= The data =

════════════════

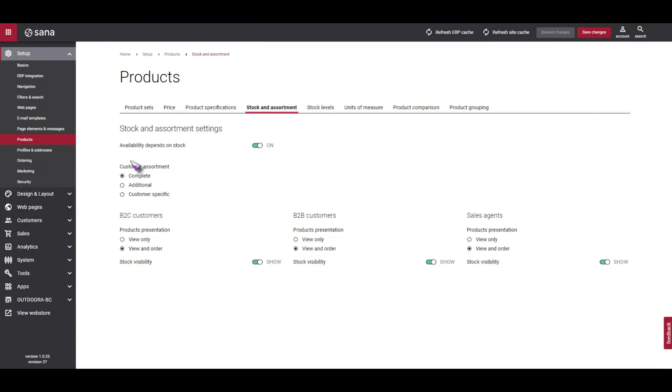In here, you will see three options for customer assortment. By default, the customer assortment mode is set to Complete. In this mode, all products are available to all customers.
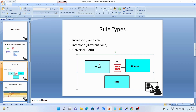Inter-zone is when we are allowing the packet from trust to untrust. Universal is when we are allowing the packet from both zones — trust to untrust and untrust to trust. These are the basic rule types that we can create in our Palo Alto firewall.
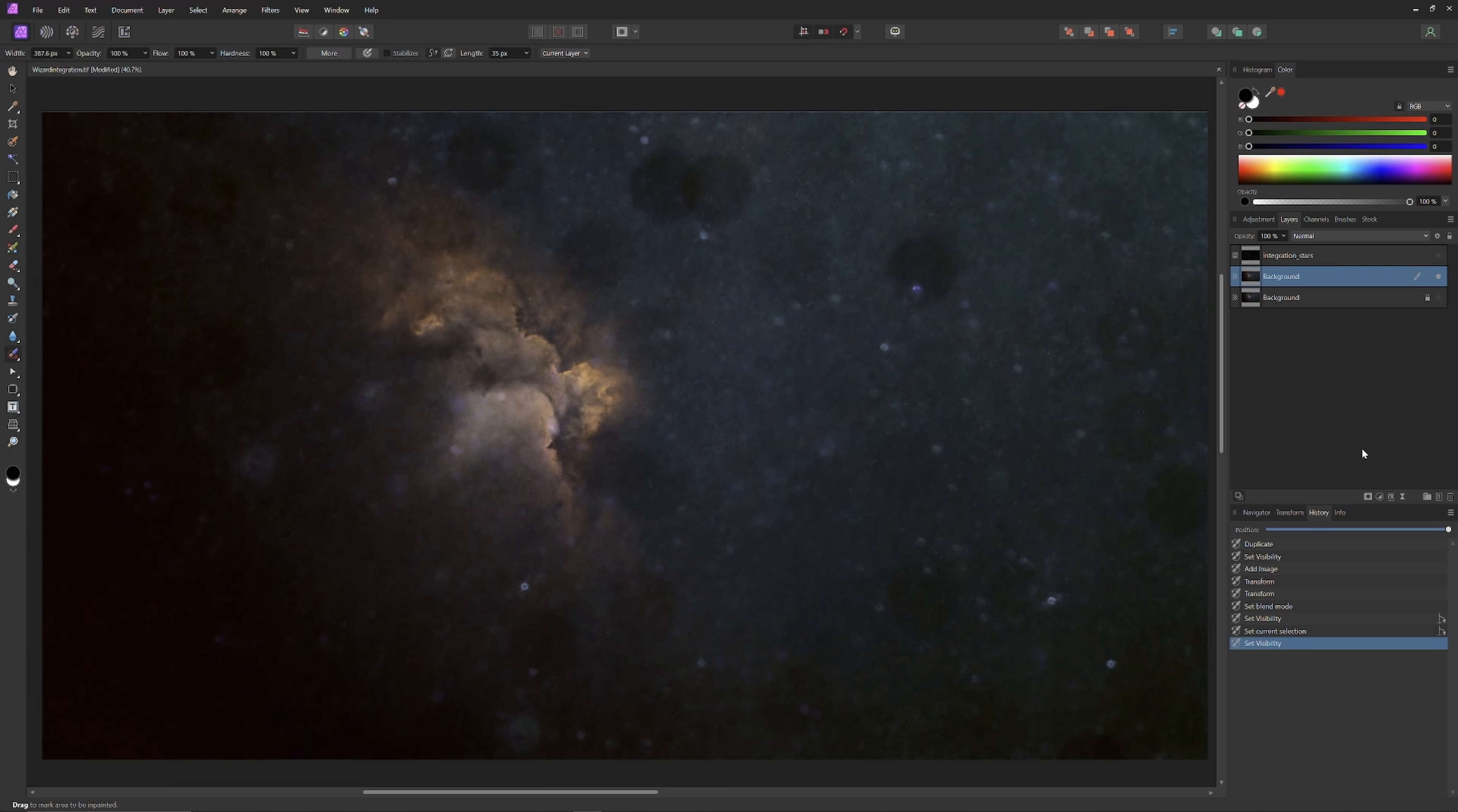So we're simply going to click on the inpainting brush icon. It's going to create a circle that represents our brush. We'll enlarge the circle, and then we're going to go over the image and simply brush those dust spots away.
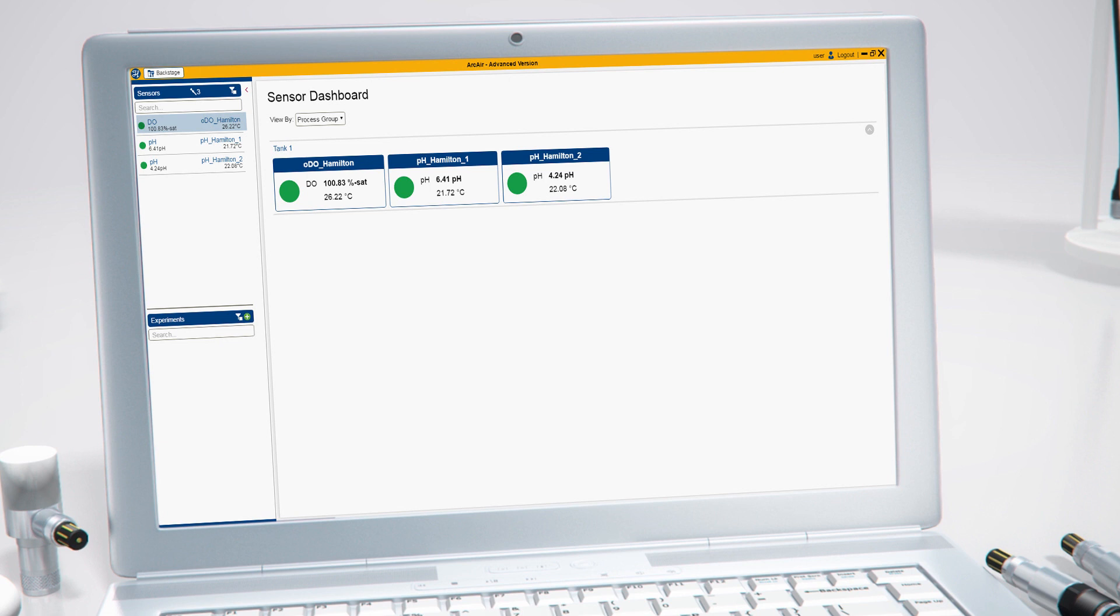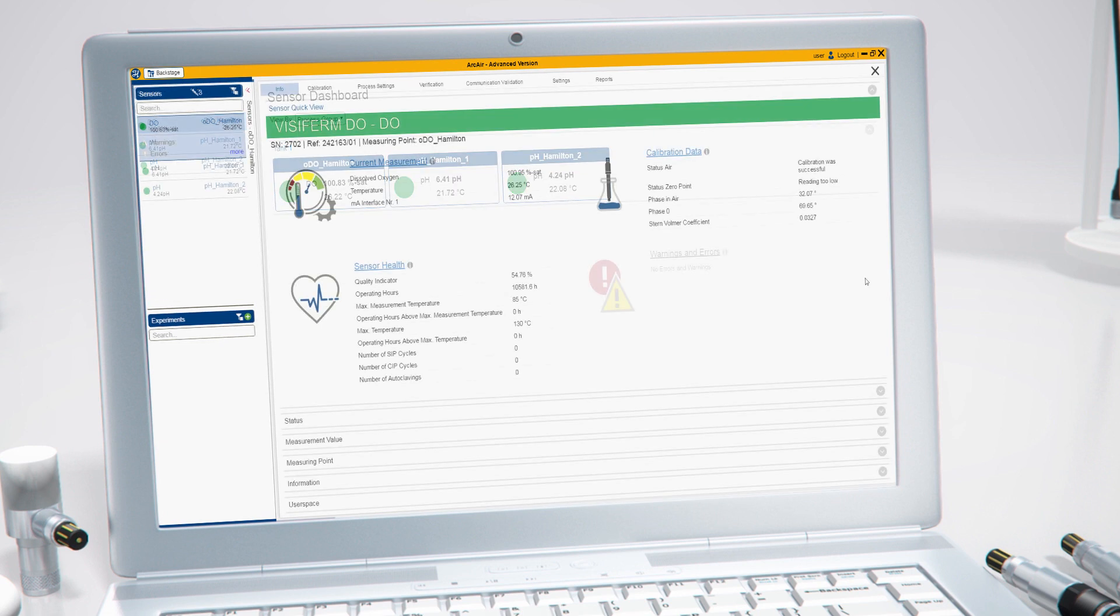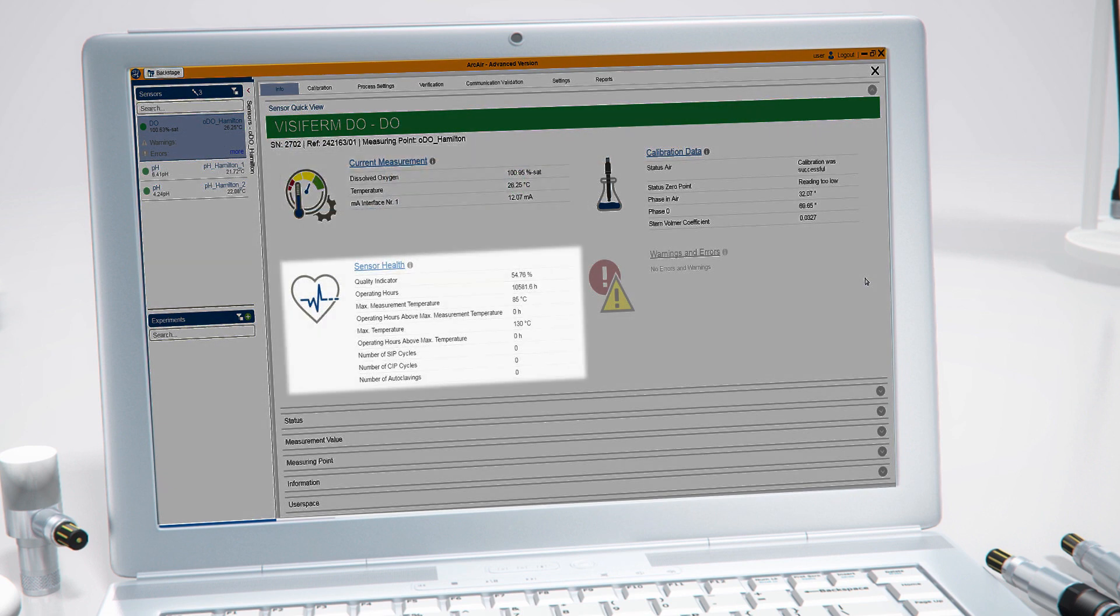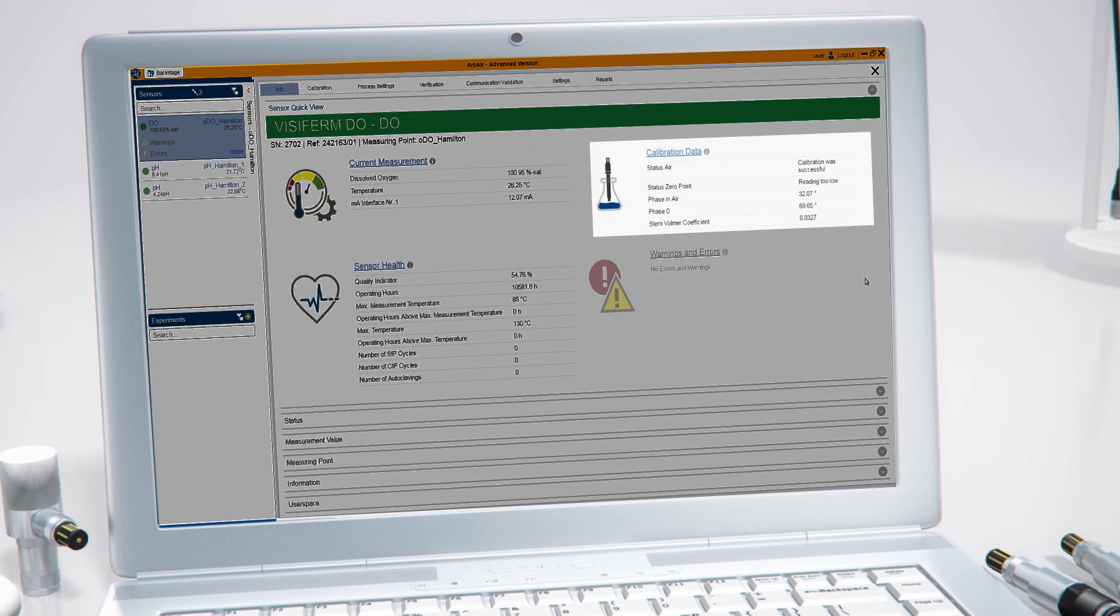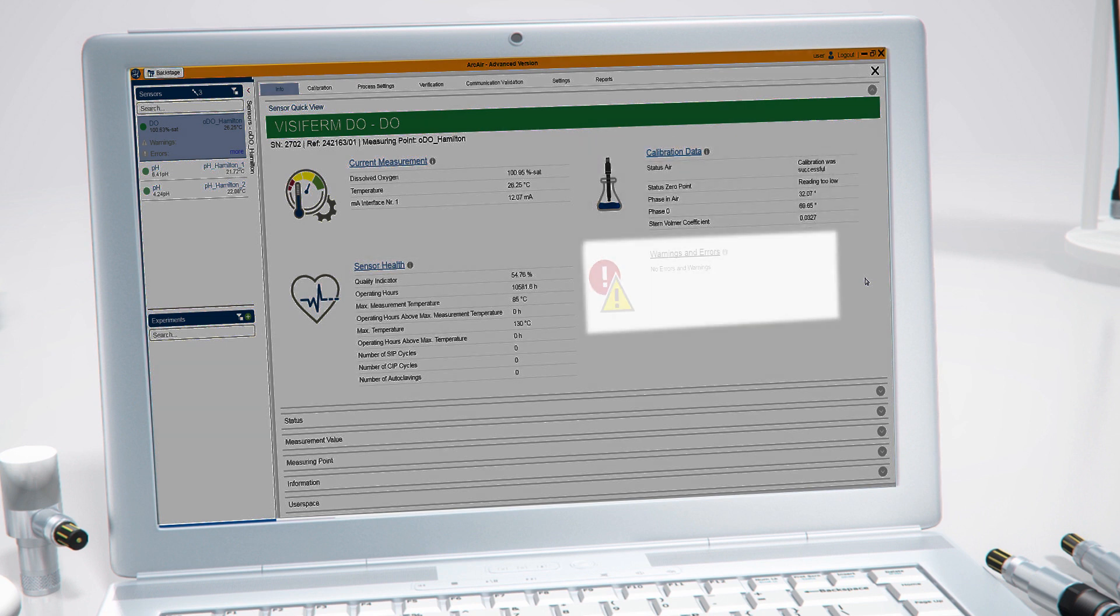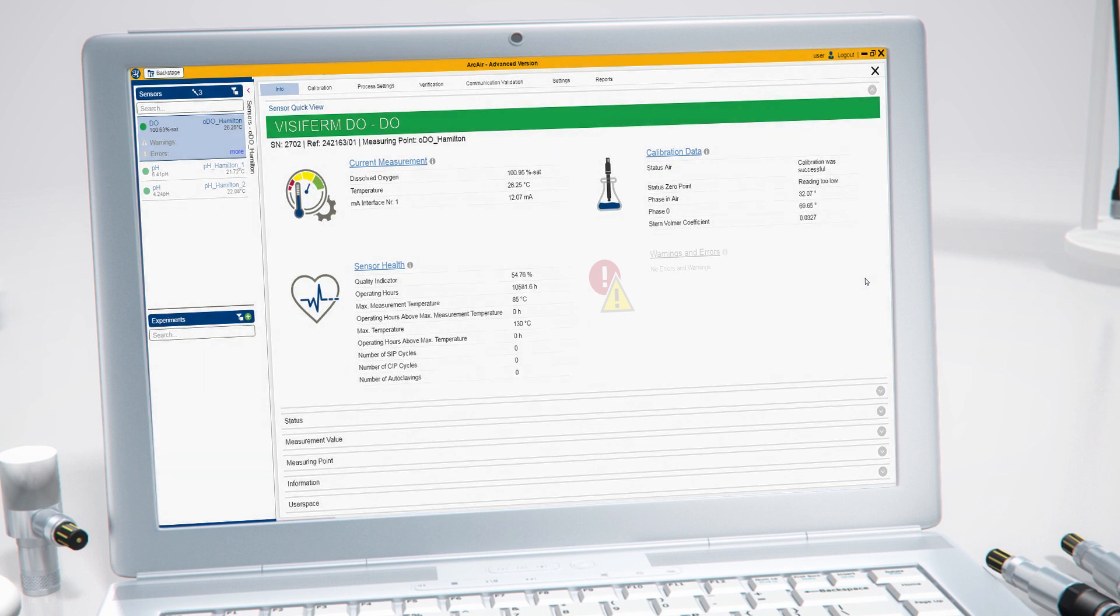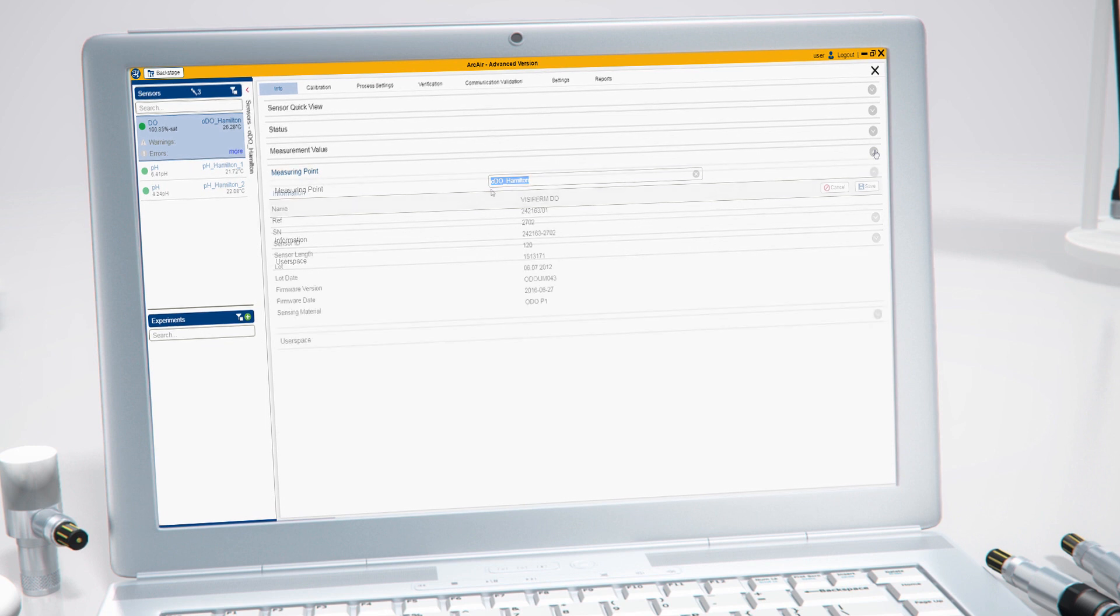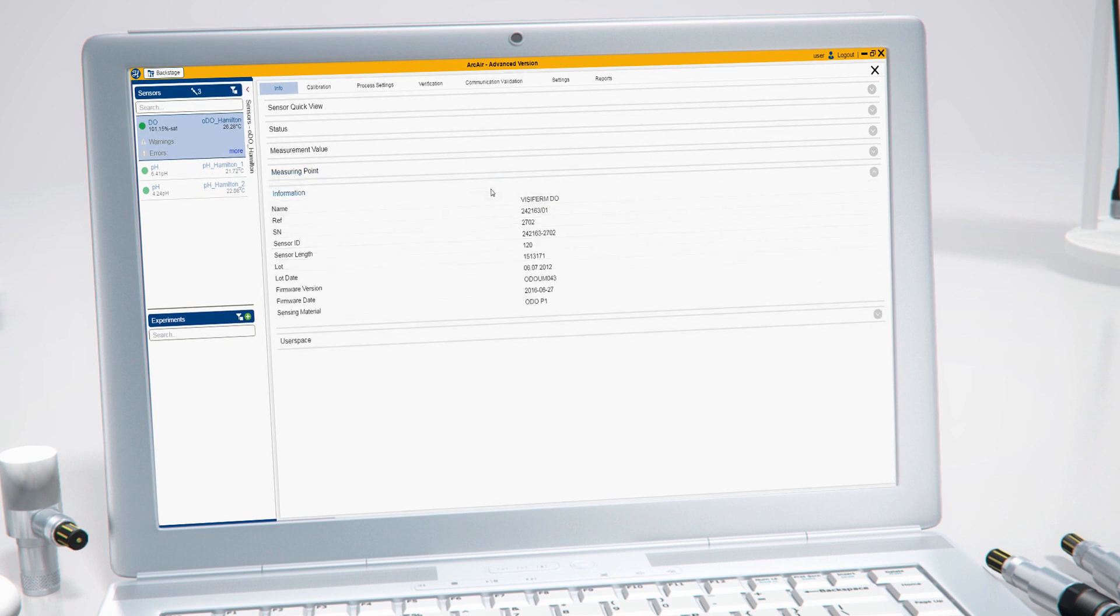Under the info tab, you can see a quick view of the most important measurement data, the sensor health and calibration data. If there are any errors or warnings, you will see them here as well. To get details of all available parameters, browse the different drop-down menus below.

════════════════

= Task requirements =
Pictures are skipped here. Print exactly, and only, the lines from the one holding "So we're simply" through the final line of the material above, both ends included.

= Response area =
So we're simply going to click on the inpainting brush icon. It's going to create a circle that represents our brush. We'll enlarge the circle, and then we're going to go over the image and simply brush those dust spots away.
Under the info tab, you can see a quick view of the most important measurement data, the sensor health and calibration data. If there are any errors or warnings, you will see them here as well. To get details of all available parameters, browse the different drop-down menus below.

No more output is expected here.